Warning: This article contains the author’s recollections of anti-gay slurs from his childhood.

Two-and-a-half years ago, I attended a part-Christian, part-Jewish wedding of two women in Charleston, South Carolina, as the date of one of the brides’ uncles. As the two brides held each other’s faces and kissed, I, a 42-year-old queer man living in San Francisco, instinctively scanned the room for disapproving looks.

Throughout the last 20 years, I thought I’d worked through all the oppressions I’ve experienced: secret same-sex relationships, being uncomfortable around other LGBTQIA+ people, engaging in risky sexual behaviors and the absence of a consistent parental figure. So why did these brides’ open and welcome affection make me feel so anxious? My clasped hands trembled as if trying to break free from my wrists, and a flood of perspiration pierced through my black tuxedo.

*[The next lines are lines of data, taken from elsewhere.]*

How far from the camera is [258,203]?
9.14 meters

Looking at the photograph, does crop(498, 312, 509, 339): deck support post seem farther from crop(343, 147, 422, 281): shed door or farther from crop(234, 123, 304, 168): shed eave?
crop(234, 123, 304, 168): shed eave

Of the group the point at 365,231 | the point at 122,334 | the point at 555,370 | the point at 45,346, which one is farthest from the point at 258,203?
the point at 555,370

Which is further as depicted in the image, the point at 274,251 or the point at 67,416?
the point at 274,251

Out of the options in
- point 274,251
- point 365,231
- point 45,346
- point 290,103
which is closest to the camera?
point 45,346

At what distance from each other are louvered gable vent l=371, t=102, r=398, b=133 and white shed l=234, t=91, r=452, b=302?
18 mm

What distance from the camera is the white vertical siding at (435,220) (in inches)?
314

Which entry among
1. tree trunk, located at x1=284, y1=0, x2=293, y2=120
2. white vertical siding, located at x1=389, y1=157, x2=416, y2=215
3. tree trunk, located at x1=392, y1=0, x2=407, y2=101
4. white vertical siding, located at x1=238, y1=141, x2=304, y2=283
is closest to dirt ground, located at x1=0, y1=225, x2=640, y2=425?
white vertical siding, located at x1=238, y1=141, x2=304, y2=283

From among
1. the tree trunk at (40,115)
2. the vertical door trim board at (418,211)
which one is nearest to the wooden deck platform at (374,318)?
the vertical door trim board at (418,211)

However, I vowed not to allow the panic attack to cloud my thoughts or ruin my impeccable application of concealer. Being in that space, watching these two people take vows, forced me to dig up deeply buried and uncomfortable feelings.

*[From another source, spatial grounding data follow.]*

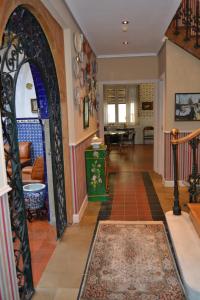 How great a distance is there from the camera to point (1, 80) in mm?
1732

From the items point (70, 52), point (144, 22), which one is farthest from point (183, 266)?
point (144, 22)

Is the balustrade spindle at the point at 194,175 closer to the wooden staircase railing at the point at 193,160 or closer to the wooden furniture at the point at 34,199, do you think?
the wooden staircase railing at the point at 193,160

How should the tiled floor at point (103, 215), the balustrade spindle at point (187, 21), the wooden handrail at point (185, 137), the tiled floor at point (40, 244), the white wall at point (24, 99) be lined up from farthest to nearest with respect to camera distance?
the white wall at point (24, 99)
the balustrade spindle at point (187, 21)
the wooden handrail at point (185, 137)
the tiled floor at point (40, 244)
the tiled floor at point (103, 215)

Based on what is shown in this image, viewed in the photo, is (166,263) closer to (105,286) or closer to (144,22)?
(105,286)

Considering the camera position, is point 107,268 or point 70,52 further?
point 70,52

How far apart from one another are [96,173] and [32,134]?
2.31m

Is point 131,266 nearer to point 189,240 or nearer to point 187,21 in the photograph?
point 189,240

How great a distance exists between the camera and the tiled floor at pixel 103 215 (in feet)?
7.77

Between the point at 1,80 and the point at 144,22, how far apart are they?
2.85 meters

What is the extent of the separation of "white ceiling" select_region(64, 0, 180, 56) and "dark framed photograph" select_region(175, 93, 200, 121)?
115 cm

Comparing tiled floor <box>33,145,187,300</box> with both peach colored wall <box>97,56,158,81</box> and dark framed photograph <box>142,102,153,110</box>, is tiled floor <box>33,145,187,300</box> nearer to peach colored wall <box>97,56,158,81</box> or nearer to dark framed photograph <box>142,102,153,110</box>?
peach colored wall <box>97,56,158,81</box>

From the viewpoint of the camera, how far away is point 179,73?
4.76 metres

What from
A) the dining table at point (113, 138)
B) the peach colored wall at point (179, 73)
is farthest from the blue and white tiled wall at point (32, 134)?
the dining table at point (113, 138)

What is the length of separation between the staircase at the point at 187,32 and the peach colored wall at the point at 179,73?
0.39 ft
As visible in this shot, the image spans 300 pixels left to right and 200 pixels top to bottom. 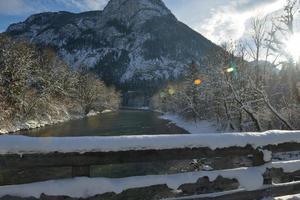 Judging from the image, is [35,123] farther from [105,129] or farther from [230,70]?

After the wedding, I realized I needed to talk to someone who was not tied to my past.

“You may still harbor internalized homophobia from your childhood,” my therapist pointed out during our session. Upon her observation, I found myself involuntarily revisiting my childhood.

My first memory of meeting my mother was when I was 6 years old. Five years earlier, after she divorced my father in the Dominican Republic, she left me in the care of her parents and left for New York City to make a better life for us.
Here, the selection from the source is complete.